Le contenu et les méditations qui suivent sont proposées par Stéphany Pelissolo, psychologue clinicienne.

La situation

Dans le contexte de la crise sanitaire, le surmenage et l’épuisement peuvent survenir dans plusieurs situations. Si cette situation vous inquiète, vous angoisse, il se peut que vous soyez en permanence embarqués dans des tourbillons de pensées ou submergés par des vagues d’émotions, entrainant alors des troubles du sommeil et une fatigue psychologique importante.

Vous travaillez dans un secteur qui est pleinement impliqué dans la résolution de cette crise (secteur médical, politique, industrie pharmaceutique…), vous vous sentez peut-être pressurisé par l’urgence de la situation. Ce qui semble jusqu’ici tout à fait normal ! En tant qu’être humain, nous avons cette propension à être attentifs aux besoins des autres et à faire en sorte de répondre à ces besoins. Celle-ci est décuplée en temps de crise et nous déployons alors beaucoup d’énergie pour face à la situation sans prêter attention à nos propres besoins et nos propres limites. Le risque est grand alors de se réveiller un matin avec cette sensation de paralysie, de lourdeur qui empêche toute réflexion et tout mouvement. Ou encore de ressentir des sensations désagréables dans votre corps, tels que des palpitations cardiaques, un souffle court, des sensations de vertige, de dépersonnalisation. Il ne s’agit pas ici des symptômes d’une maladie somatique mais de signes d’alerte que vous envoie votre corps pour vous informer que votre batterie est déchargée et qu’il est temps de vous arrêter, de vous reposer et de prendre soin de vous.

 

Comment le soigner ?

Repos, repos et encore repos !

Pour vous y aider, vous pouvez appliquer le petit programme de méditation ou bien si vous sentez que des symptômes de dépression sont associés à cet état, n’hésitez pas à consulter un professionnel de santé mentale.

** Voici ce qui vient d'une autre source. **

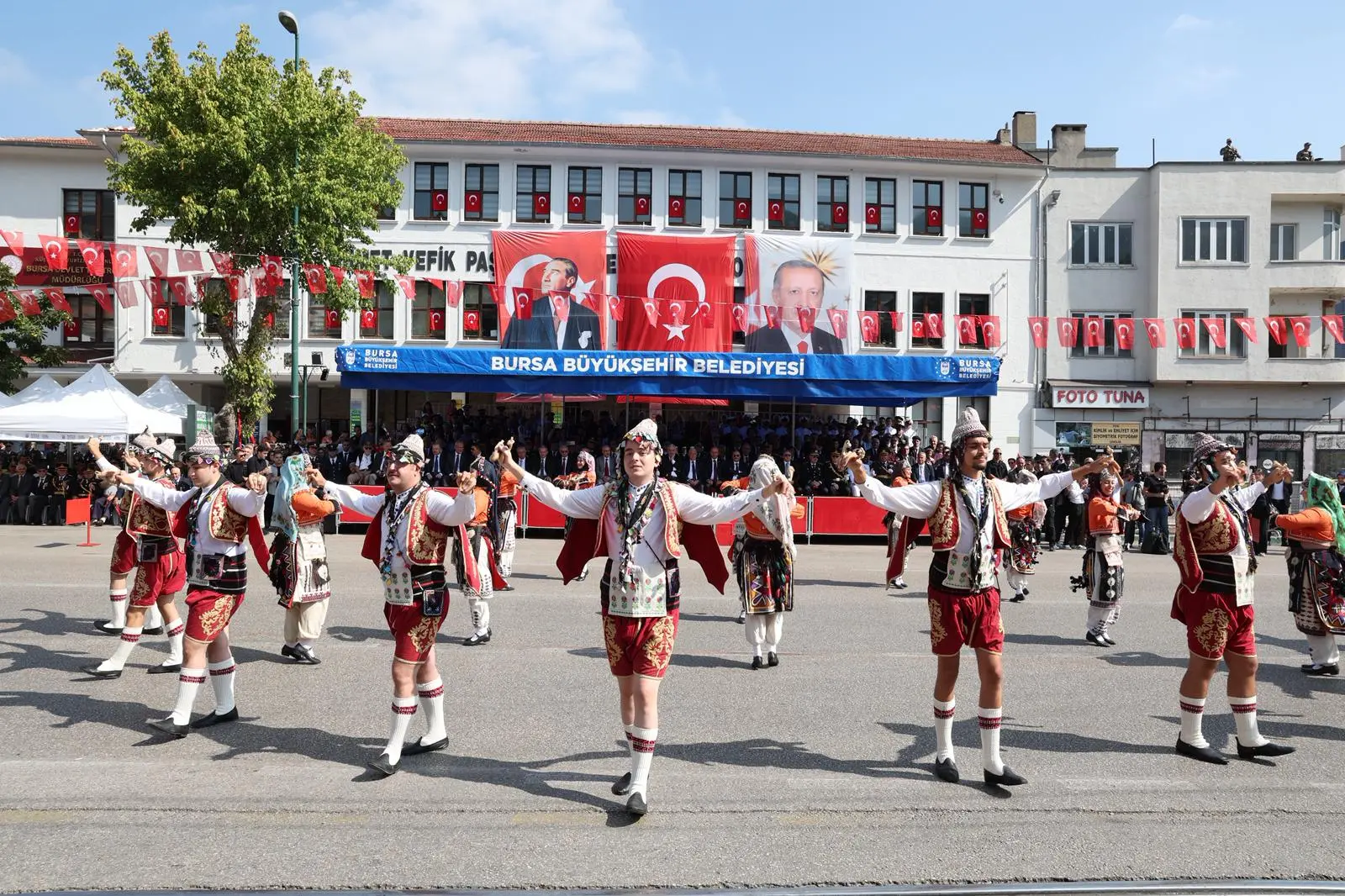 Genç Gazete Bursa'da 30 Ağustos Zafer Bayramı Coşkusu Başkan Bozbey'den Yürüyüş Ve Konser Daveti 1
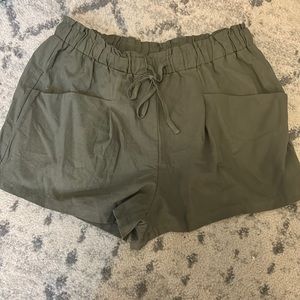 Shein Shorts. Size L. New with tags
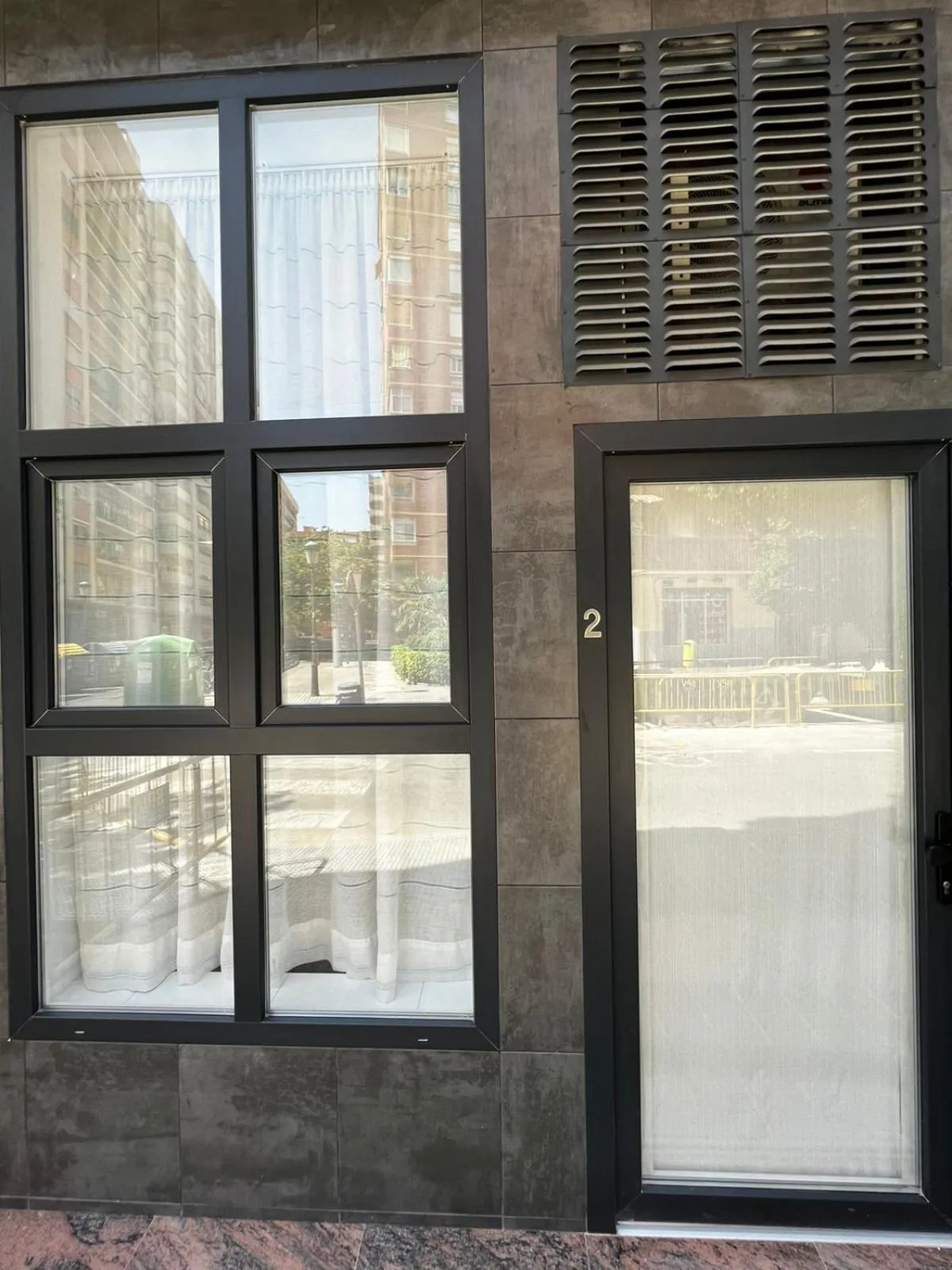 Facade/entrance in Rodrigues 15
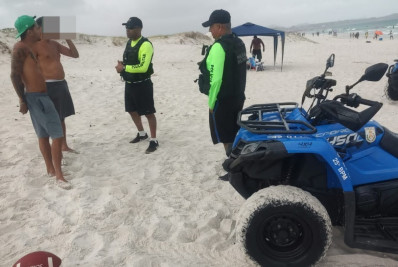 Foragido é preso enquanto curtia praia em Cabo Frio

Pratiquez d’abord la méditation du lac, juste vous poser, être présent à votre corps, le laisser se fondre dans le support sur lequel vous êtes regardant avec recul la manière dont vos pensées agitent la surface du lac; ou le scan corporel qui est un outil précieux pour apprendre à désengager votre attention de ce qui est douloureux (pensées ou images d’un événement qui fait mal ou d’une douleur physique) ; à prendre des nouvelles de votre corps et le réapprivoiser ; à recharger vos batteries !

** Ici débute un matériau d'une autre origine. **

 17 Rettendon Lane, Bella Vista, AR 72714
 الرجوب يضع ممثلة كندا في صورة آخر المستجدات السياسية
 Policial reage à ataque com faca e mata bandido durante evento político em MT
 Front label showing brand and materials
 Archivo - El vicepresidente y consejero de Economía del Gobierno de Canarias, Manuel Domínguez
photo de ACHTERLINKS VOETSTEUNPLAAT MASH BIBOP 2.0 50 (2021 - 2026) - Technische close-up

Puis vous pourrez faire la méditation de la bienveillance :

Cette méditation aide à cultiver l’amour pour soi-même mais aussi pour les autres. Elle est toujours utile quand on rumine une rancœur à l’égard de soi-même ou de quelqu’un et qu’on n’arrive pas à passer à autre chose. Être malveillant à son égard et à l’égard des autres nourrit la souffrance ! Cette méditation est aussi très bénéfique quand on manque de confiance en soi ou encore lorsqu’on est « dur au mal » et persuadé que le bonheur est réservé aux autres.

et enfin celle de la compassion :

Cette méditation est particulièrement utile quand on estime mériter sa souffrance ou encore qu’on se dit qu’il y a bien plus malheureux que soi. Ces attitudes ne permettent pas de prendre soin de soi et de sa souffrance, au contraire ! Cette méditation vous invite à prendre conscience que malgré vos faiblesses, malgré vos fêlures, vous méritez comme tout être humain d’être soulagé de votre souffrance.

Pratiquez la méditation « la rivière de la vie » vous permettra d’accueillir, de permettre à ce qui est d’être! Loin d’être simple et pourtant, ici et maintenant, dans le contexte de la crise sanitaire, c’est la meilleure attitude à cultiver pour ne pas rentrer dans le cercle vicieux de la souffrance!